**PROBLEM**
Reproduce the entire listing exactly as written, apart from its pictures.

**DATA BELOW**
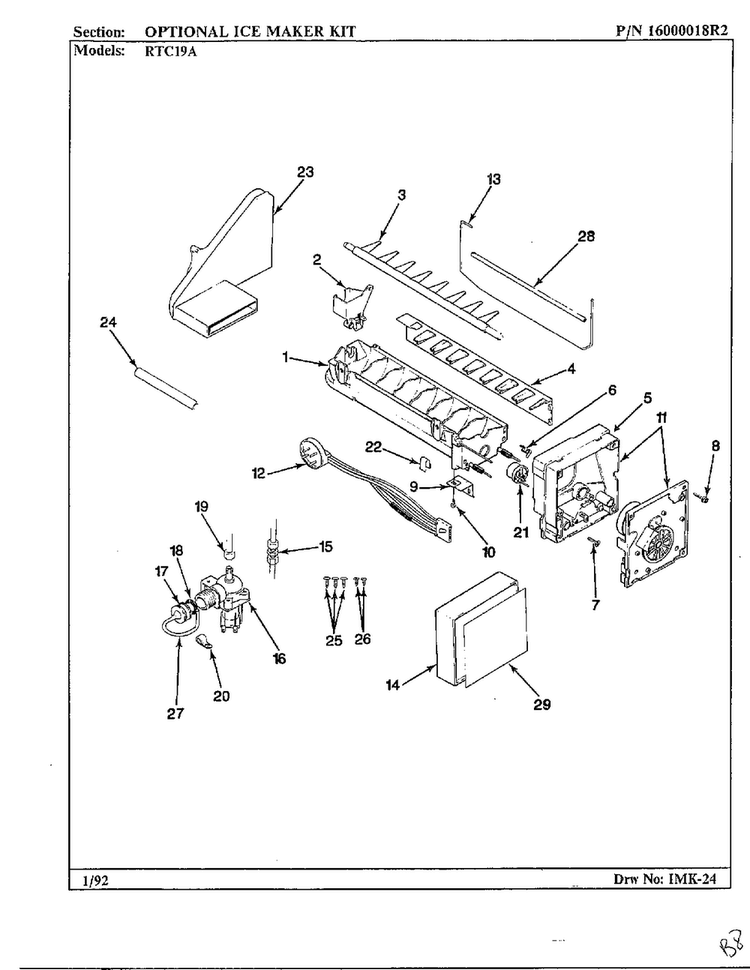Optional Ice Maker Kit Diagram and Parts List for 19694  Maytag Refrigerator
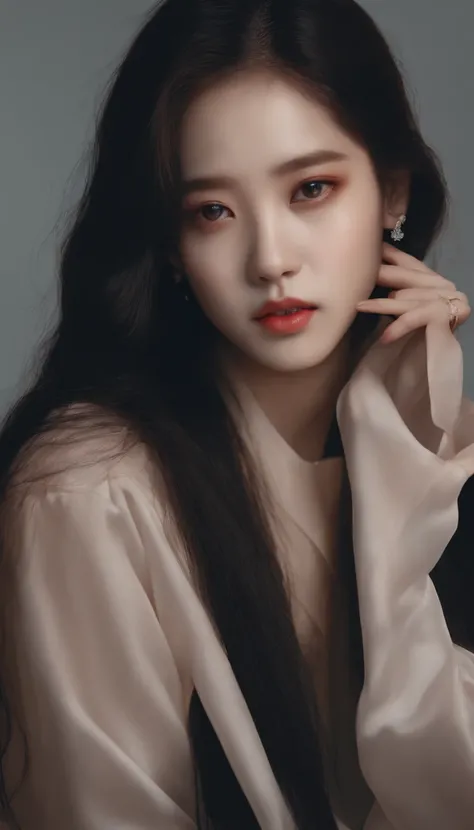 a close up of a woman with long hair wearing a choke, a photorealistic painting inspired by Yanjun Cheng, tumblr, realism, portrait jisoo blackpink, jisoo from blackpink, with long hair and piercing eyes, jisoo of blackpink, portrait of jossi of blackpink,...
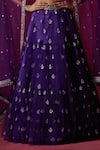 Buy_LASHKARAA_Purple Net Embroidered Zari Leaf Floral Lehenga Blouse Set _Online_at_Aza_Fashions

**OUTPUT FOR THIS EXERCISE**
Optional Ice Maker Kit Diagram and Parts List for 19694  Maytag Refrigerator
 a close up of a woman with long hair wearing a choke, a photorealistic painting inspired by Yanjun Cheng, tumblr, realism, portrait jisoo blackpink, jisoo from blackpink, with long hair and piercing eyes, jisoo of blackpink, portrait of jossi of blackpink,...
 Buy_LASHKARAA_Purple Net Embroidered Zari Leaf Floral Lehenga Blouse Set _Online_at_Aza_Fashions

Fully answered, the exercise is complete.